Since then, Alejandro Tantanian acted, directed and wrote. He won awards, premiered works in Argentina and the world, and even became director of the Cervantes National Theater. Now, you have just presented your Eduardo II in the legendary Martín Coronado room of the General San Martín Theater. He also enjoys the café concert that he created together with a group of friends. And, if that were not enough, a book of his about three greats of dramaturgy –Shakesperare, Bretch y Williams– tour of bookstores.
Imagination, curiosity and love for art remain from that shy child, but Today he is a loquacious man who talks and reflects at the table of a bar in Belgrano, a reference of this turbulent time. where the old ghosts threaten again, and where theater appears as a response as creative as it is forceful.
Anything you do in theater has to be entertaining.
-Why represent Edward II today, this classic by Christopher Marlowe from 1592?

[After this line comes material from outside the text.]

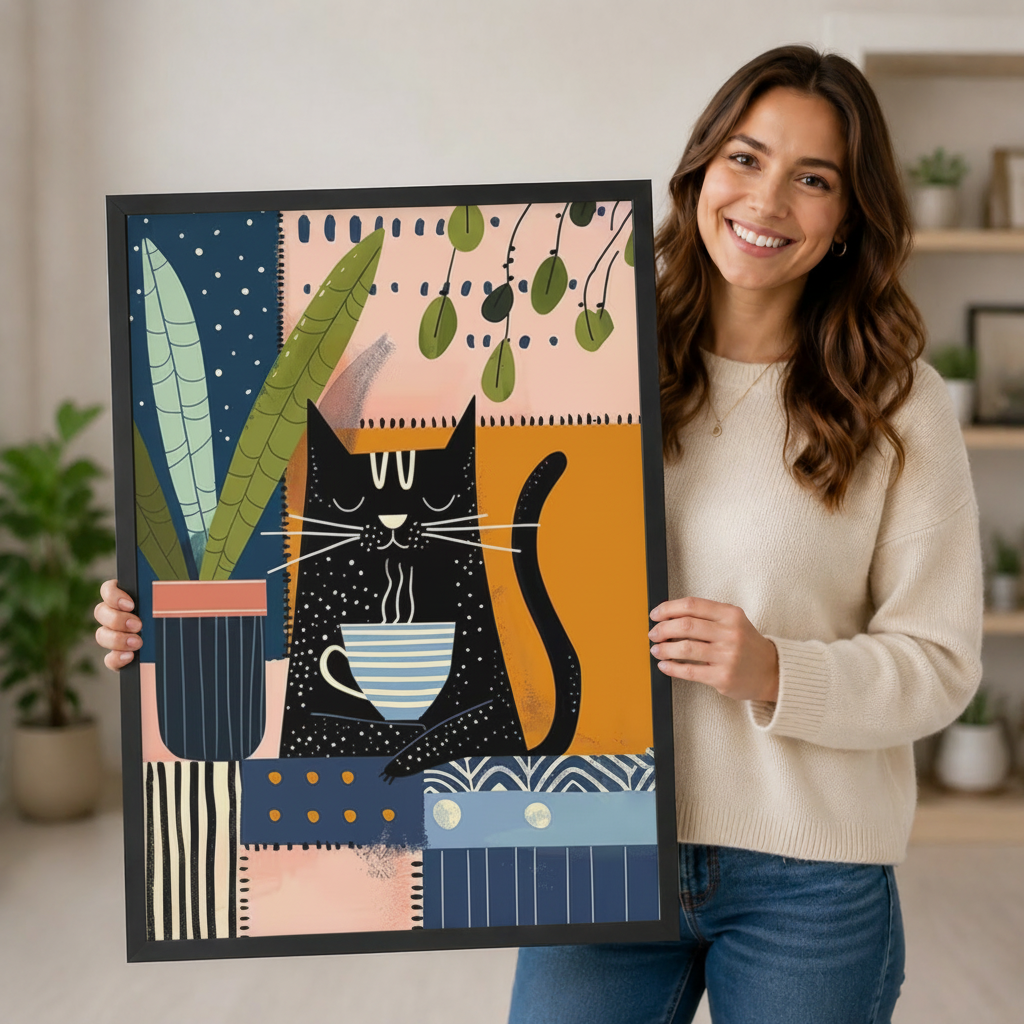 Smiling woman in a cream sweater holding a large vertical black framed bohemian collage black cat coffee canvas art print showing a relaxed black cartoon cat cradling a steaming blue and white striped mug beside a large leafy plant in a dark blue pot on a vibrant patchwork background of pink, navy, orange, and cream geometric panels with dot and stripe patterns and hanging green leaf sprigs in a bright plant-filled room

-The idea of doing this show was presented in 2022 -he says under the sun of a not so hot afternoon and among the aroma of coffee-. It was another country. The text of Eduardo II then still had the validity linked to hate crimes, but the work was released now and clearly assumes another type of commitment regarding the degree of virulence that exists in national policies against the LGBTIQ+ collective.. It is not a militant work in itself, but at its core it speaks of a king who instead of calling his favorites “favorite,” as they were called, calls them “groom” or “love.” It makes something public that should be private and that is what leads to an enormous number of violent situations.

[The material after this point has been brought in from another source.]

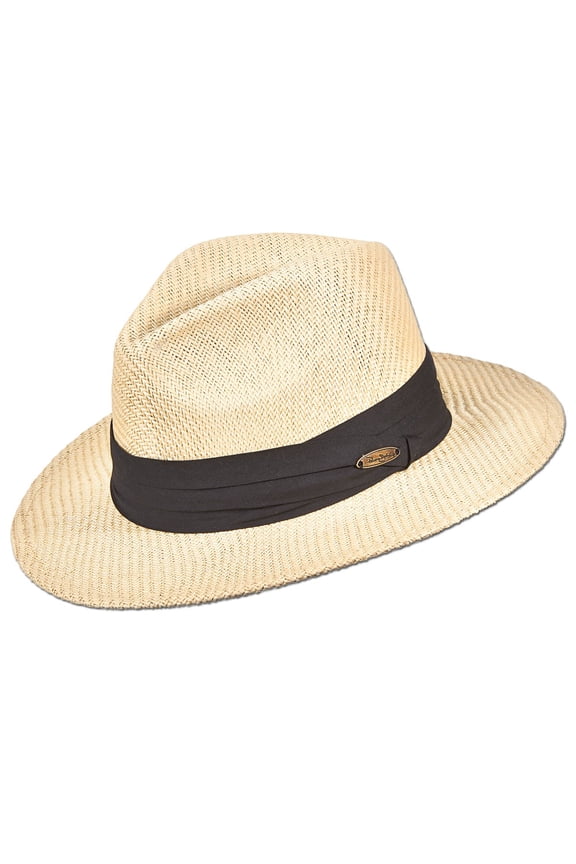 Matte Toyo Straw Safari Sun Hat with 3-Pleat Ribbon Band (Black Band, Small/Medium)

-The adaptation is located in a time that could be any time.
-We wanted to generate a certain timelessness. It doesn’t happen in the 1300s, which is when he ruled Eduardo II in England, but there is a mixture of temporalities. There is a kind of fantasy around the idea that this persistence of this homophobic hegemonic model comes from the dawn of time until today.
-The setting also takes something from Derek Jarman’s 1992 film.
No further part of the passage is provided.